With a small group of supporters standing off to the side, McSally told reporters that in-between singing "The Star-Spangled Banner" at a few El Tour de Tucson events, she had called Barber "to congratulate him on representing the people of Southern Arizona."

The twin speeches brought an end to a race that had run into overtime as officials in both Cochise and Pima county tabulated ballots. Although Barber had taken an early lead when the first ballots were counted on Election Day, McSally had roared in from behind and led the race by more than a thousand votes on the day after the election.

Over the next few days, the vote count moved back and forth, with Barber gaining ground as Pima County completed a batch of ballots and McSally retaking the lead when Cochise County tabulated its ballots. On Friday, Nov. 9, McSally's lead was a mere 36 votes.

Barber took the lead on Saturday, Nov. 10, and hung onto it from that point forward. When Cochise County finished counting its ballots on Thursday, Nov. 15, Barber had a lead of 709 votes. When Pima County finished its first major count of provisional ballots on Friday, Nov. 16, his lead climbed to 1,402 ballots.
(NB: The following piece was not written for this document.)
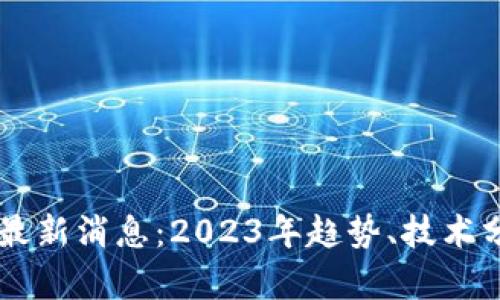 区块链贝塔狗最新消息：2023年趋势、技术分析与市场展望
Although Pima County still has 14,000 provisional ballots to count, McSally saw the trend was moving in Barber's direction.

"We came so close," said McSally, a former Air Force combat pilot who had been stationed at Davis-Monthan between deployments.

McSally said the tight finish "reminds me of running the Iron Man triathlon … and coming up on the finish line, only to find out you had to run another 10K. It's horrible feeling, but I'll tell you: Our team and everybody who's been supporting us through the last 11 days has been extraordinary."